When the nation's largest breast cancer advocacy organization considered in October cutting off most of its financial support to the nation's largest abortion provider, the breast cancer group was hoping for a quiet end to an increasingly controversial partnership.
Instead, the organization, the Susan G. Komen for the Cure foundation, is now engulfed in a controversy that threatens to undermine one of the most successful advocacy campaigns. The foundation's decision to eliminate most of its grants to Planned Parenthood for breast cancer screening caused a cascade of criticism from prominent women's groups, politicians and public health advocates and a similarly strong outpouring of support from conservative women and religious groups that oppose abortion.
Now, leaders of both the Komen foundation and Planned Parenthood are accusing each other of bad faith and actions that undermine women. And two organizations dedicated to detecting and curing breast cancer have found themselves on opposite sides of the nation's divisive debate over abortion.
After an explanation that Planned Parenthood is the subject of a congressional investigation by Republican Rep. Cliff Stearns, the group morphed from an 'abortion provider' to a 'health services provider' within one paragraph, as Times reporters accused congress of conducting a "partisan investigation," while taking the group's word that "Only a small percentage of Planned Parenthood's expenditures go toward abortion services."
So the Komen board voted that all of its vendors and grantees must certify that they are not under investigation by federal, state or local authorities. But for Planned Parenthood, the nation's largest abortion provider, being the target of partisan investigations is part of doing business. So Komen's new rule effectively ended their long partnership and seemed to the health services provider an unacceptable betrayal of their common mission to save women's lives.
Dawn Laguens, an executive vice president of the Planned Parenthood Federation of America, said that Komen's money had over the years underwritten breast cancer screenings for 170,000 women, some of whose lives were saved as a result. She said she had no sympathy for Komen's attempt to mollify donors by ending its relationship with a controversial provider of women's health services. Only a small percentage of Planned Parenthood's expenditures go toward abortion services.

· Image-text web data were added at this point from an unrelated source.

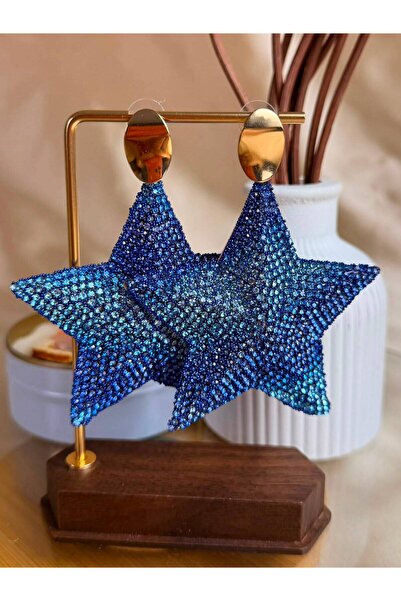 ANKA JEWELLRY Blue Star Designed Large Statement Steel Women's Earrings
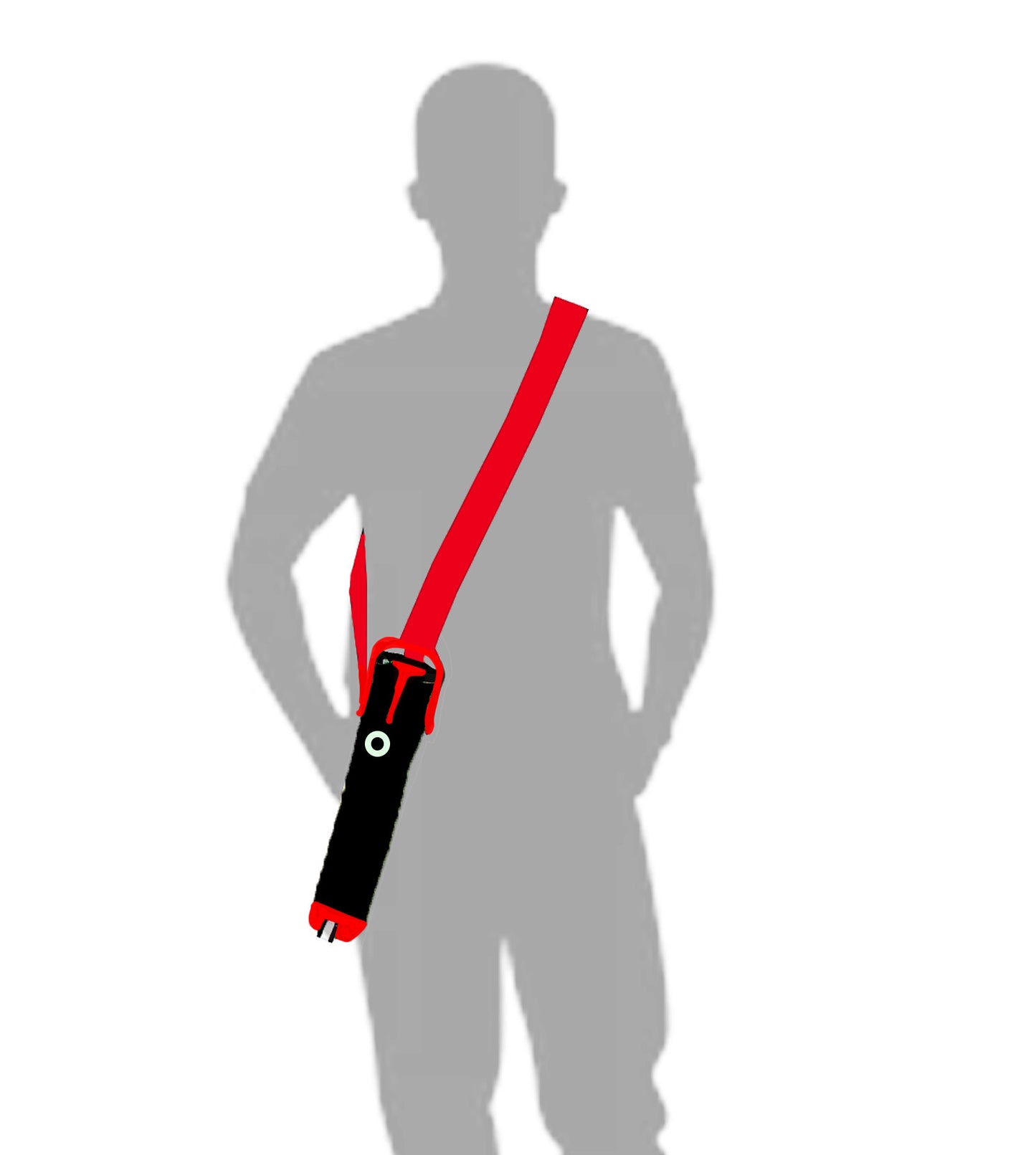 A red and black crossbody cane bag shown on a gray silhouette model against a white background.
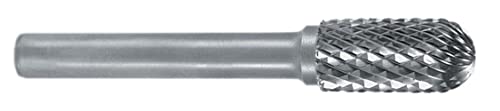 RUKO Tungsten Carbide Rotary Burr with Cross Teething, C Oval (WRC) Shape, Bright Finish, 10.0 mm Diameter, 60 mm Length, R116022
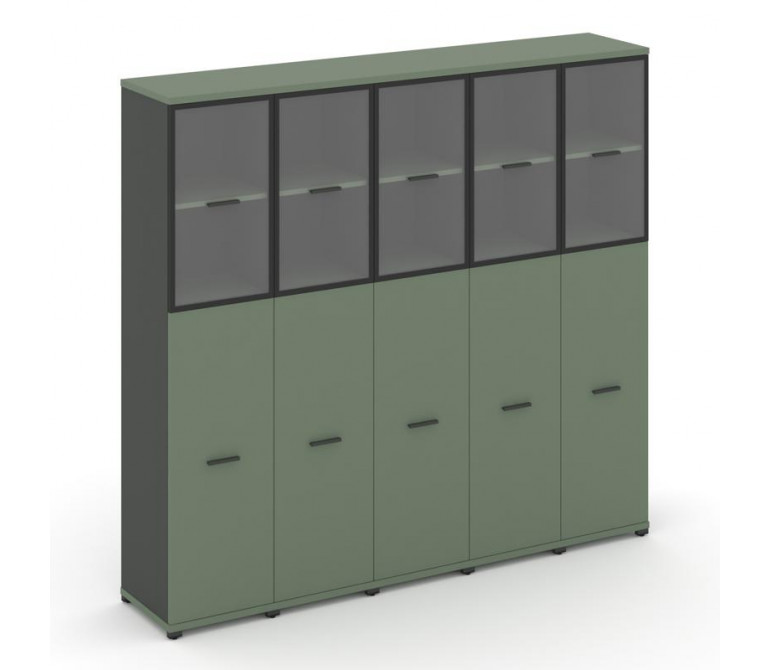 Концепт Шкаф 5 узких секций, 5 ниш CN.STU-555 RPB A Кобо/Антрацит NEW/Металл Антрацит/Прозрачный 208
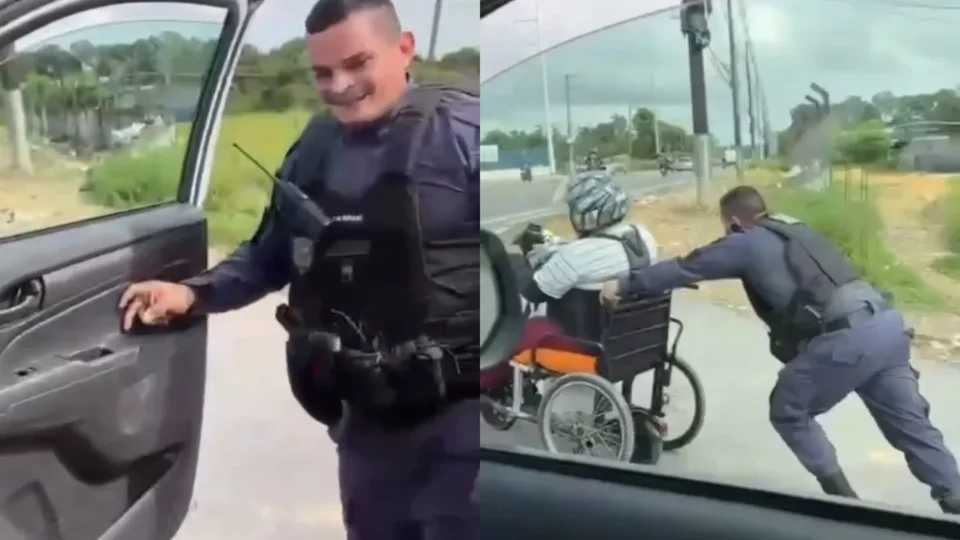 Vídeo: Em Manaus, Policial militar para viatura e emociona ao ajudar cadeirante a vencer ladeira íngreme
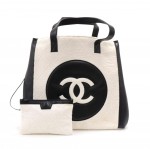 Chanel White Quilted Cotton & Leather CC Logo XLarge Shoulder Tote Bag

Wait. The Times just identified Planned Parenthood as 'the nation's largest abortion provider.' Doesn't that render the percentage of expenditures talking point irrelevant?
Not until paragraph 18 of the 21 paragraph story does the Times locate a source happy with Komen's decision, and that's quickly balanced out with more liberal outrage.

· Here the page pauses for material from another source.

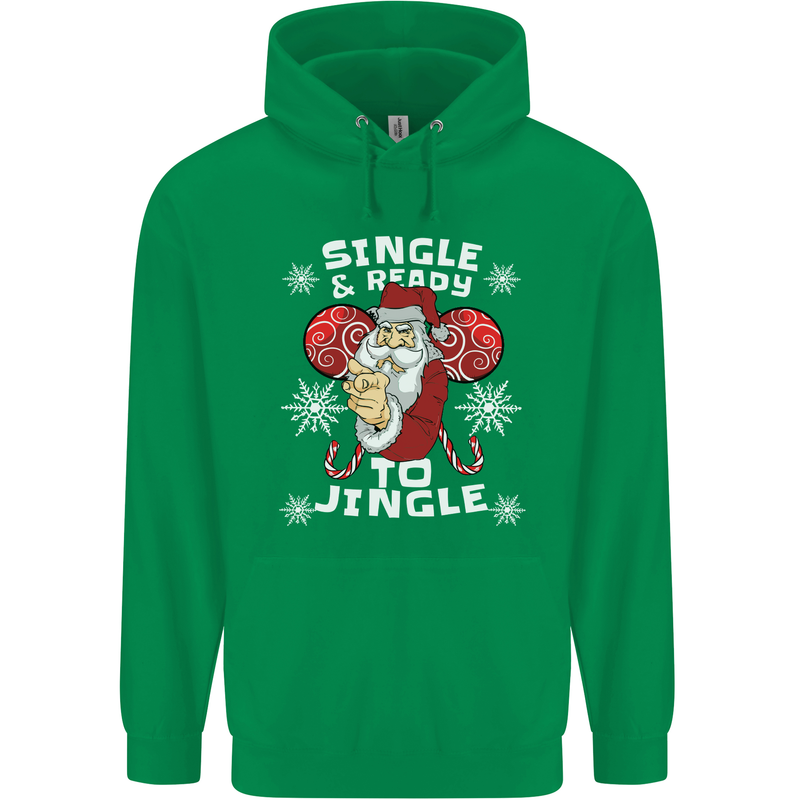 Single and Ready to Jingle Christmas Funny Mens 80% Cotton Hoodie Irish Green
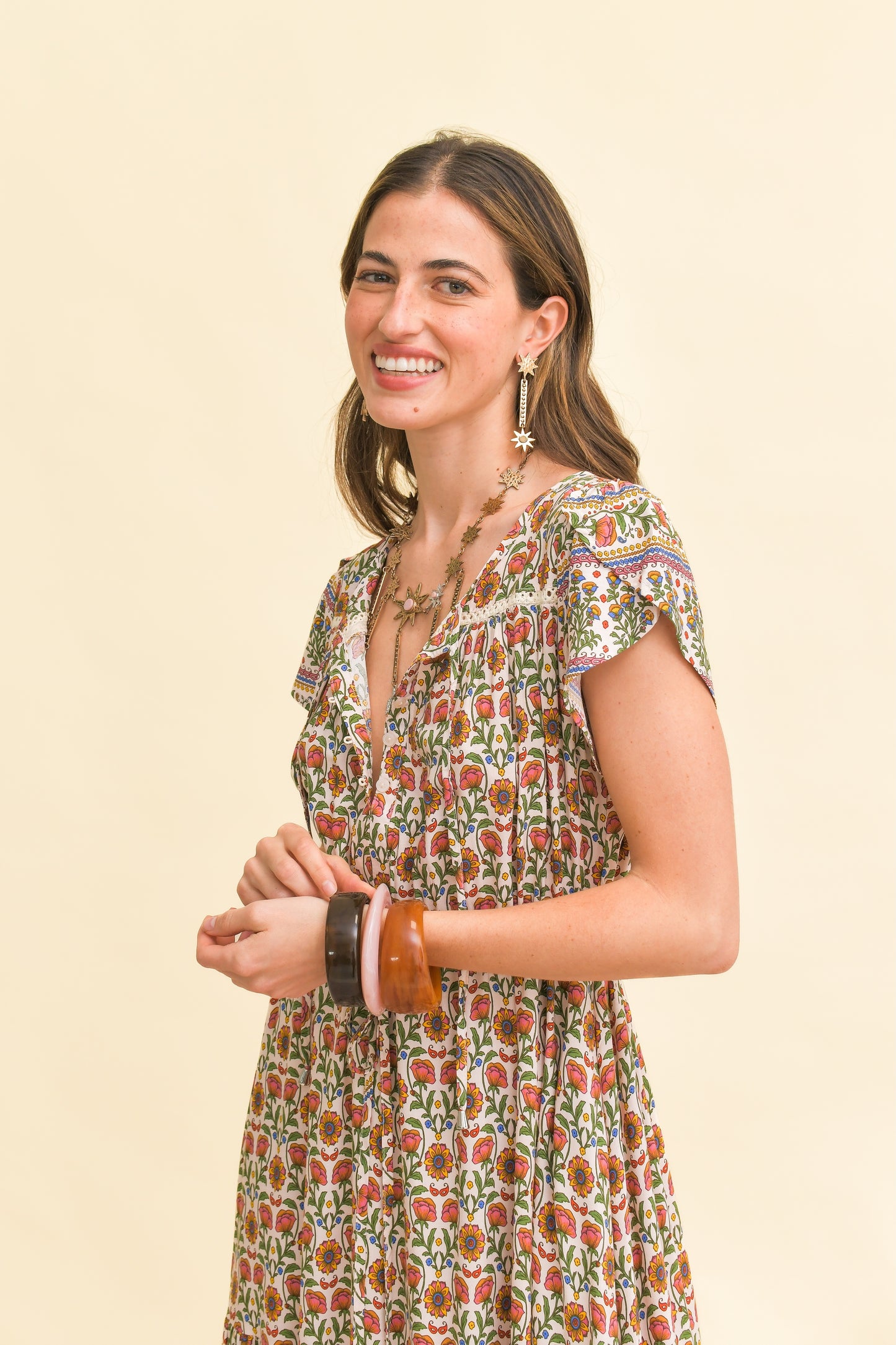 HARLOWE PRINT SLATE MIDI DRESS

Foes of abortion and Web sites critical of it have criticized the Komen foundation's financing of Planned Parenthood for years. The Roman Catholic Archdiocese of St. Louis and several bishops in Ohio issued statements last year raising concerns about donating to the Komen foundation. In December, LifeWay Christian Resources, which is owned by the Southern Baptist Convention, said it was recalling a pink Bible it was selling because a dollar per copy was going to the Komen foundation.
'We are very grateful Susan G. Komen for the Cure will no longer fund Planned Parenthood affiliates,' said Thom S. Rainer, president of LifeWay.
Pleas to boycott or defend Susan G. Komen for the Cure over its decision to pull money from Planned Parenthood poured onto Web sites like Twitter, Facebook and Tumblr on Wednesday, as activists both amateur and professional urged action.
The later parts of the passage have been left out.